# creeping jenny in dart viv



## morg (Jul 20, 2007)

Has anybody tried using creeping jenny in dartfrog vivaria?
BBC - Gardening: Plant Finder - Creeping jenny

http://www.aquariumhintsandtips.com/Creeping-Jenny.html


If so how did it go.
I have it growing both out in my garden around pond edges, and completely submerged in aquatic newt set ups indoors, so my thinking is that if the lighting is good enough it should do fine in the very humid environment of a dart viv??


----------



## morg (Jul 20, 2007)

nobody??
Well I will try some in my dartfrog juvenile raising viv and see how it goes


----------



## manda88 (Nov 27, 2009)

I've never heard of creeping jenny, however I do have a sister called Jenny and she's pretty creepy, would she be able to fit in there?


----------



## morg (Jul 20, 2007)

manda88 said:


> I've never heard of creeping jenny, however I do have a sister called Jenny and she's pretty creepy, would she be able to fit in there?


lol, nice one : victory:


----------



## Ron Magpie (Oct 11, 2009)

it does well in damp, fairly cool situations- worth a try, anyway!


----------



## richie.b (Oct 27, 2008)

manda88 said:


> I've never heard of creeping jenny, however I do have a sister called Jenny and she's pretty creepy, would she be able to fit in there?


 :lol2: 

Morg ive got it growing in my greenhouse where i house different amphibians but never used it in a viv, i think it should be ok though it pretty much grows everywhere its put

Richie


----------



## Ron Magpie (Oct 11, 2009)

manda88 said:


> I've never heard of creeping jenny, however I do have a sister called Jenny and she's pretty creepy, would she be able to fit in there?

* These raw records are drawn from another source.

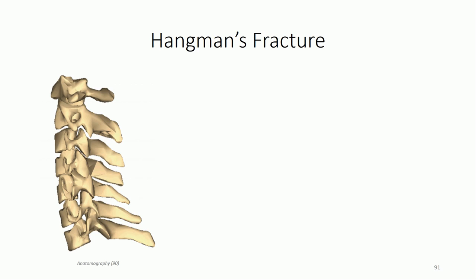Spondylolysis can occur anywhere along the vertebral column but is most common in the lower lumbar region and within the C2 vertebra, or axis. C2 spondylolysis is often referred to as a hangman's fracture. The term was coined because of the high frequency of this fracture during hanging executions when the knot is placed inferior to the chin - the forward-facing noose pulls taut, forcefully hyperextending the neck and typically affecting C2. In these instances, death was almost instantaneous from blunt force trauma to the brainstem and spinal cord.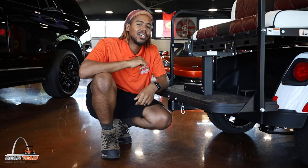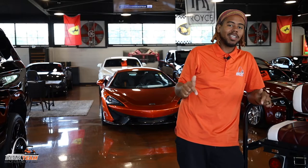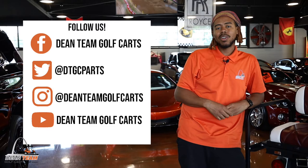If you can think of any other possible use cases for a tow hitch on a golf cart, feel free to leave a comment down below. Be sure to like, comment, and subscribe. Follow us on Instagram and Twitter, and check us out on Twitter at DTGC Parts for all the latest coupons and deals, including the one I just gave you.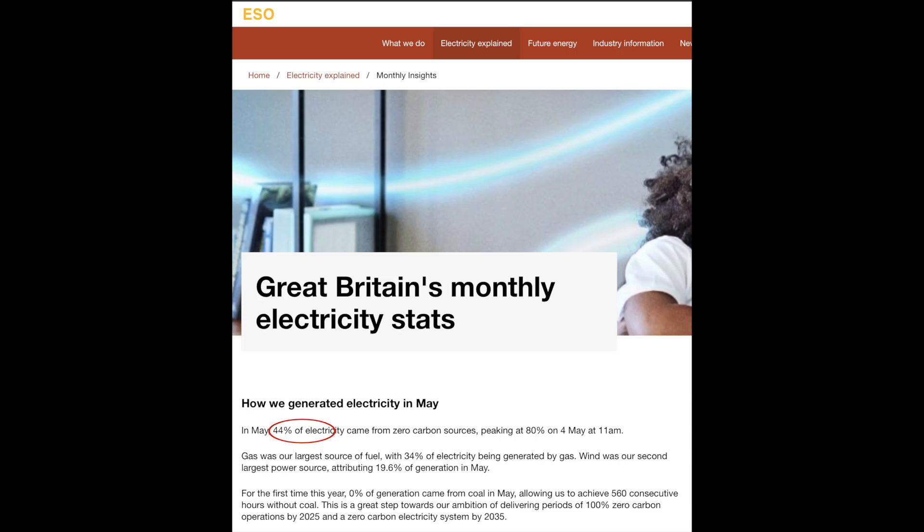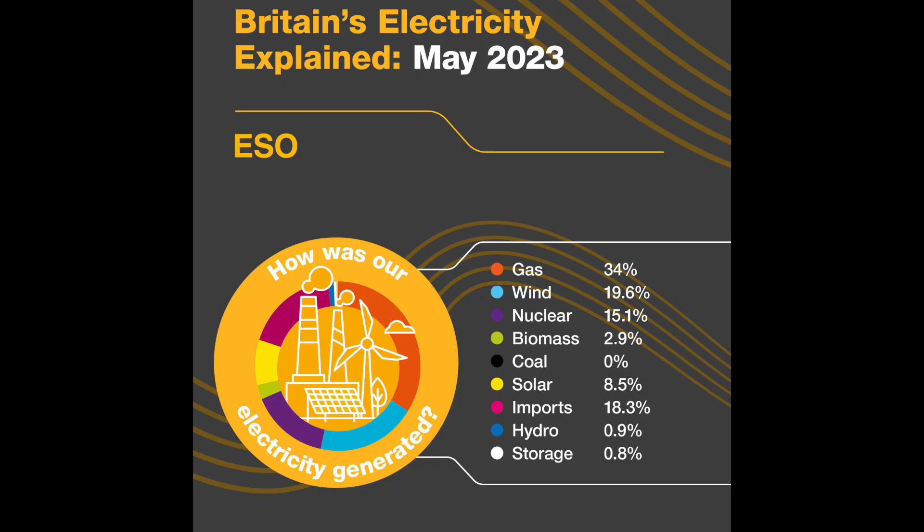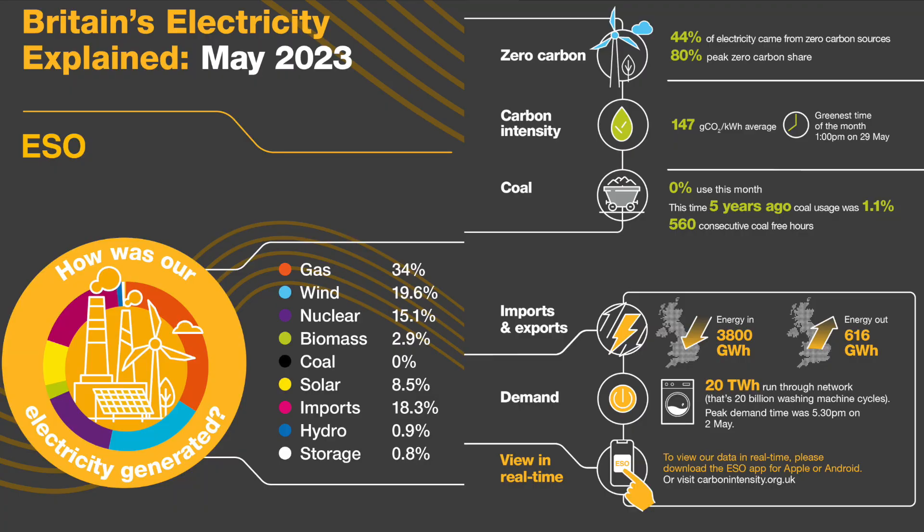And this is May: 44% of electricity came from zero carbon sources, peaking again at 80%, and again wind was the second largest power, attributing 19% in total — that's the breakdown.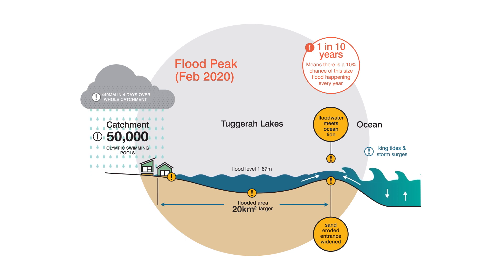Council closely monitored the prevailing conditions, and at low tide on Tuesday afternoon, when ocean conditions had started to ease, machinery was deployed and the channel was successfully realigned to the north, relieving the erosion impacts along the southern foreshore.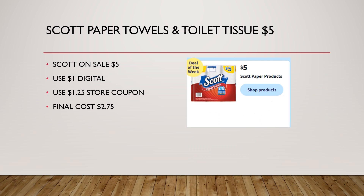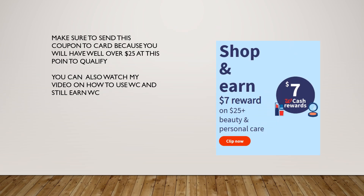Scott paper towels and toilet tissue are on sale for $5. There's also a $1 digital coupon, and in addition, a $1.25 off Scott coupon — put both of those to your account and you're going to pay just $2.75. Be sure you also send a coupon to your card to get an additional $7 in rewards when you spend $25 on beauty and personal care, which by now we will have spent well over that $25 to qualify.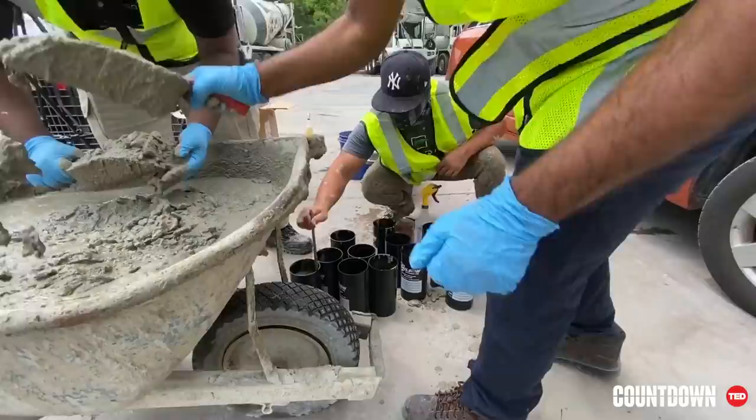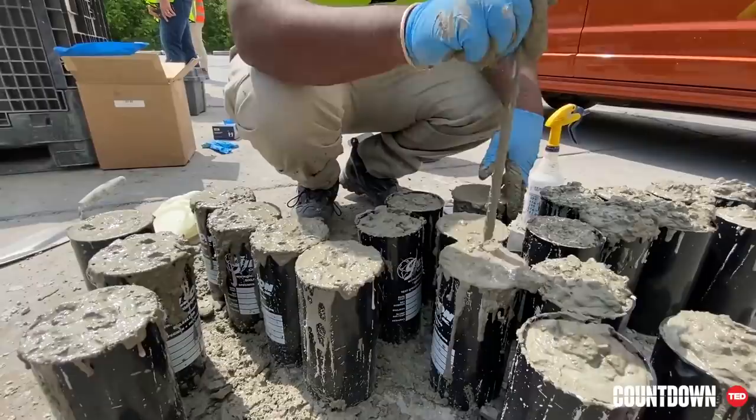Our new technology for ready-mix is in testing and infrastructure applications. And we've pushed our research even further to develop a concrete that may become a carbon sink — meaning we will consume more CO2 than is emitted during cement production.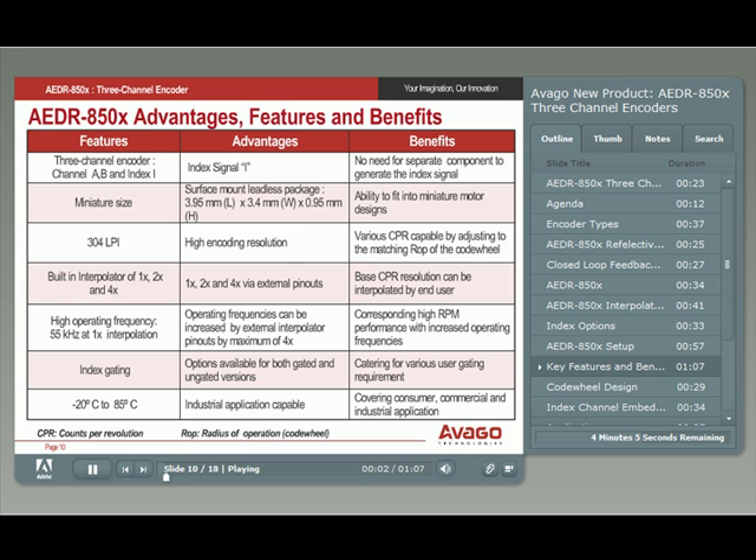Let's go through some of the features and benefits of the new series. Package width and length are under 4 millimeters, and the height is under 1 millimeter. If you need a miniature solution, this is the best product. With a high encoding resolution of 304 lines per inch, many CPR requirements can be met by varying the radius of operation of the code wheel. In addition, there are built-in user-selectable 2x and 4x interpolator options that double or quadruple the base CPR.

You be nice to your sis- she's fab! :bash:


----------



## suej (Sep 22, 2010)

I have some growing in my hatchling wood turtle tank indoors, it looks to be doing well, so I am going to plant more up in the enclosures in the shed.


----------



## morg (Jul 20, 2007)

In the short time since I tried this plant in a humid dartfrog viv its gone mad.
rooted within a few days, spread over the substrate quickly, then climbed up the coco panel backing.
however I dont think it looks anywhere near as good as the slower growing ficus pumila so Im removing it and replacing with ficus


----------



## Lukethegecko (Feb 25, 2010)

morg said:


> In the short time since I tried this plant in a humid dartfrog viv its gone mad.
> rooted within a few days, spread over the substrate quickly, then climbed up the coco panel backing.
> however I dont think it looks anywhere near as good as the slower growing ficus pumila so Im removing it and replacing with ficus


the creeping jenny will perish in a heated tank as it is a temperate plant not a tropical one  so the ficus will be a better choice


----------



## Morgan Freeman (Jan 14, 2009)

Some plants just seem to adapt to any conditions though....We call these plants badasses.


----------